Downstairs, painting after painting holds the wall with superb authority. Look at the broad luscious strokes which make up ‘Rape to Ripple Church, Weather Changing’: the flowering rapeseed is literally a knockout. The predominantly green and blue ‘Across East Wear Bay to the Warren, Folkestone’ is succinctly fired up by a passage of red and yellow at bottom right. A view of Margate is more contemplative, another towards Ramsgate is all surging pink cloud. A large painting of snow is full of daring colour. Rowlett is inventive and assured, breaking new ground in subject matter (a couple of paintings of a dead thrush have been added to his poignant still-life repertoire of animal skulls) as well as in painthandling.
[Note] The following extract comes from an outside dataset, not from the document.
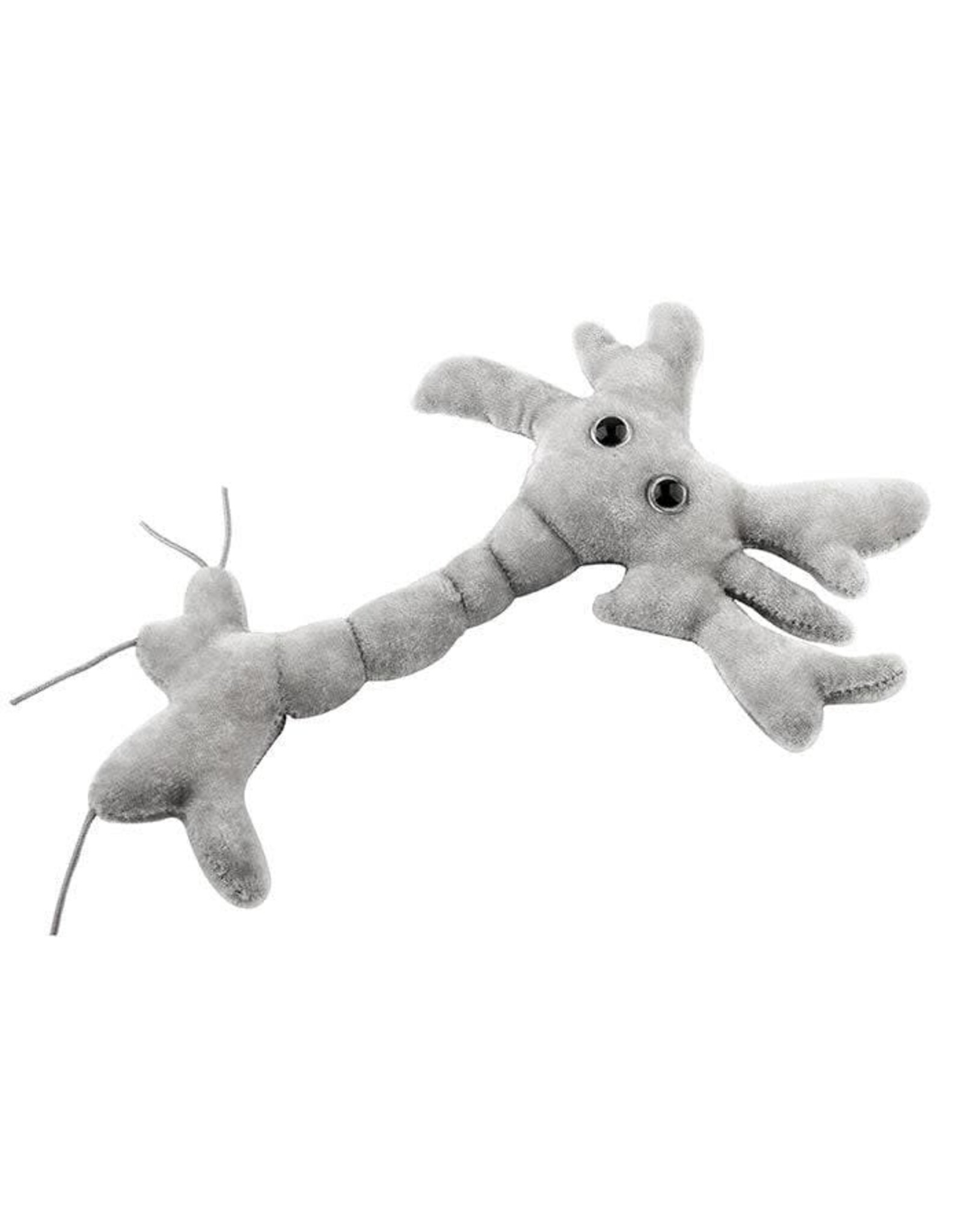 Giant Microbes Giant Microbes Brain Cell Plush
The titles are descriptive and lengthy. For instance: ‘Winter, Low Tide at Greenwich, Pontoon, Dolphin and Cormorants from Primrose Wharf’. You could get more precise than that, but it wouldn’t fit in the catalogue. The titling helps to focus the way the viewer looks and deciphers — drawing attention to the cormorants on the right of the picture, sitting on a wooden pile, for instance — though I’d say the powerful surface movement in this rich, dark picture owes something to the Finnish painter Akseli Gallen-Kallela’s masterpiece in the National Gallery, ‘Lake Keitele’. I’m glad that Rowlett tells us that his maelstrom painting ‘Westminster Bridge, Bubbling Clouds’ contains ‘Thoughts of Hiroshige’, it makes it slightly easier to attune to its wildness.
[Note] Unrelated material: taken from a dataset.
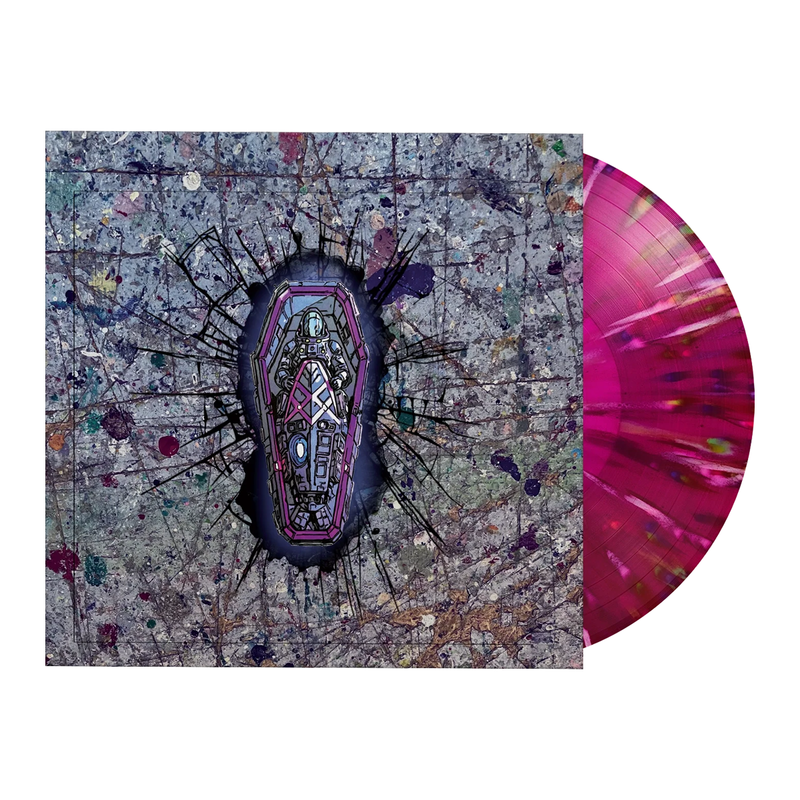 How I Learned to Stop Giving a Shit and Love Mindless Self Indulgence (Limited Edition)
This exhibition marks another move forward by an already impressive artist: Rowlett just gets better and better. For the quality of the work, his prices are remarkably competitive, and he deserves all the success he is currently achieving.
Over in the West End, Robert Dukes (born 1965) is enjoying similar good fortune at Browse & Darby. A pupil of Euan Uglow, Dukes has demonstrated in various group shows (The Discerning Eye and the RA Summer Exhibition, mainly) that he has forged an independent vision of considerable skill and sensitivity. This is overwhelmingly confirmed by his first solo exhibition, beautifully hung by the artist himself and very nearly a sell-out.
Dukes is essentially a still-life painter, his approach rooted in close observation under controlled conditions. His biggest problems are with movement in space, and making forms legible. The way twigs or fruit move through real space somehow has to be translated into a convincing two-dimensional existence on the picture plane. Quince, squash, the quarters of an apple or wild rosehips in turn become the focus of the artist’s scrutiny and urge to pictorial problem-solving. What is remarkable about his paintings is that they look so full of life and vigour even though subjected to such strict procedural disciplines.